If I was wearing any pants, that is. If I was, Dickie would have bored them off me by now.

But I’m not.

This is what I’m wearing: a black floral lace band that covers my eyes, white knee-high stockings, red slingback stiletto pumps and, wrapped around me like a blanket, a floor-length cape – ruby red to match my favorite lipstick. This time I’m not wearing my underwear.

Anna is wearing a filigree metal mask shaped like a butterfly and an emerald green cape that she’s draped around her curves like a fur. Together, we look like two phases of a traffic signal.

The masks and capes are part of the door policy for this little soiree. Not leather and denim. Masked and anonymous. Because this is a themed sex party. An Eyes Wide Shut party.

This is worlds away from the Fuck Factory. This place is different. It’s exclusive and elite.

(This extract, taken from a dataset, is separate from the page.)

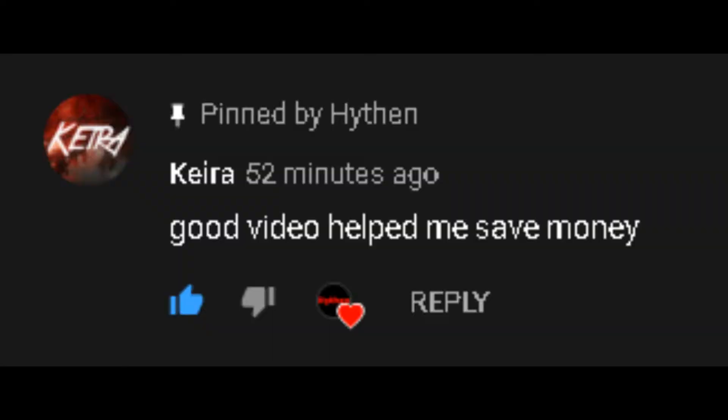Just before this video starts, this is me from the future. I forgot to do comment of the day, so here it is. Here's the comment on the screen right now. Thanks for the comment, and peace.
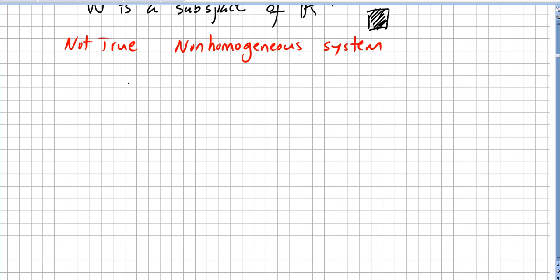This is not true for a non-homogeneous system, and it's easy to see why. If you have a non-homogeneous system, multiplying the coefficient matrix A by the variable matrix x does not give zero — it gives b, because the system is not homogeneous.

I wonder what Kubrick would make of this. Stanley, not Larry. He crafted a meticulous fable about the intersection between sex, wealth, power and privilege, his last masterwork, the longest single shoot in film history, a movie like every movie he made, where every detail, every nuance of its construction and staging is there for a specific reason. A movie that he put so much passion and work into that it killed him and he never got to see how it was received.

Which is probably for the best. Because the one thing Stanley Kubrick probably did not foresee is that the very people he made the movie about would take the story literally. The conspicuously wealthy few whose power and privilege gives them free reign to live by their own social, moral and sexual code, one that just doesn’t apply to the rest of us; who think decadence is something you can buy with the flash of a credit card, or pick up in a showroom, would mistake it for little more than an elaborate commercial for a high end swingers club, little more than an excuse for a place like this.

We’re in the living room of a large, tastefully decorated private house filled with antique furniture and reproductions of fine art. It’s somewhere in the country. Exactly where, I don’t know, and neither does Anna, because we were driven up in a car service arranged by Bundy and we both dropped off on the way up, rocked to sleep by the sound of the engine, the trail of blinking tail lights ahead of us, and the gentle motion of the car as it swung around the curves of winding country roads once we left the city. And the next thing I knew, Anna was touching my shoulder and shaking me gently, saying, ‘Catherine… Catherine… wake up. We’re here.’